• **What you have to do**
Would you filter these records and copy every line that has the word "with"?

• **Materials provided**
·····

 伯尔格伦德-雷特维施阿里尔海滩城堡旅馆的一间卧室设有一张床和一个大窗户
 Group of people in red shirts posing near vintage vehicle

·····

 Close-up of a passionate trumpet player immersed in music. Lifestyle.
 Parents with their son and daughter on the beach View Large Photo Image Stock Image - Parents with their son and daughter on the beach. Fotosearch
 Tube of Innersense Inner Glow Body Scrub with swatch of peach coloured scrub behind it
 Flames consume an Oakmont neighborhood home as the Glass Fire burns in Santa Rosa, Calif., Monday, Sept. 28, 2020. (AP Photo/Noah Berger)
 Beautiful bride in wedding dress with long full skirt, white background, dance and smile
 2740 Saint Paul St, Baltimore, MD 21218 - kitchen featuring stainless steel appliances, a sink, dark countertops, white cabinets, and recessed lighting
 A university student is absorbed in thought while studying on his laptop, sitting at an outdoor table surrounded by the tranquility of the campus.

·····

• **Task answer**
 Parents with their son and daughter on the beach View Large Photo Image Stock Image - Parents with their son and daughter on the beach. Fotosearch
 Tube of Innersense Inner Glow Body Scrub with swatch of peach coloured scrub behind it
 Beautiful bride in wedding dress with long full skirt, white background, dance and smile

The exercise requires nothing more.